Will you take the challenge with me? Will you take a moment to learn more about the interesting people all around you—and make their day at the same time? Will you listen to 100 interesting stories, and by doing so, make the world 100 times better than it was yesterday? Will you do it while wearing a “Weird Chris” shirt?

The List

The following numbers are not intended to be a rank or relative measure. The people are numbered in the order that I met them.

#1: Life Is Like Colorado

#2: The Woman on a 50-State Challenge

#3: He Had a Good Wife

#4: The Vagabond

#5: He Did It Because He Wanted To!

#6: This Is Extreme Hot, and That Is “Minnesota Hot”

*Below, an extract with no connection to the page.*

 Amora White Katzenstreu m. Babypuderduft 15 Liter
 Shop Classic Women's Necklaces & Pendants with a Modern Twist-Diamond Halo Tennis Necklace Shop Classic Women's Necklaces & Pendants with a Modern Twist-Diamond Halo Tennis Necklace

#7: The White-Haired Gentleman and the Angels

2 thoughts on “100 Interesting People

  1. This is great! Not sure if I’m joining you, as I’m challenged just meeting anyone–weird or not. But I’ll certainly follow you in your challenge. Where can we get shirts? 🙂

    • Thanks for responding, Elisabeth! Do you want a t-shirt? I’m sure we can create some on Zazzle or CafePress. We could even donate the proceeds to charity. 🙂

      BTW, I am terrible about meeting new people, too. The point of this is to encourage us to meet people anyway. All you have to do is follow these simple steps:

      1. Offer your hand for a handshake.
      2. Say, “Hi, my name is Christy (or Elisabeth, if you insist). What brings you here today?”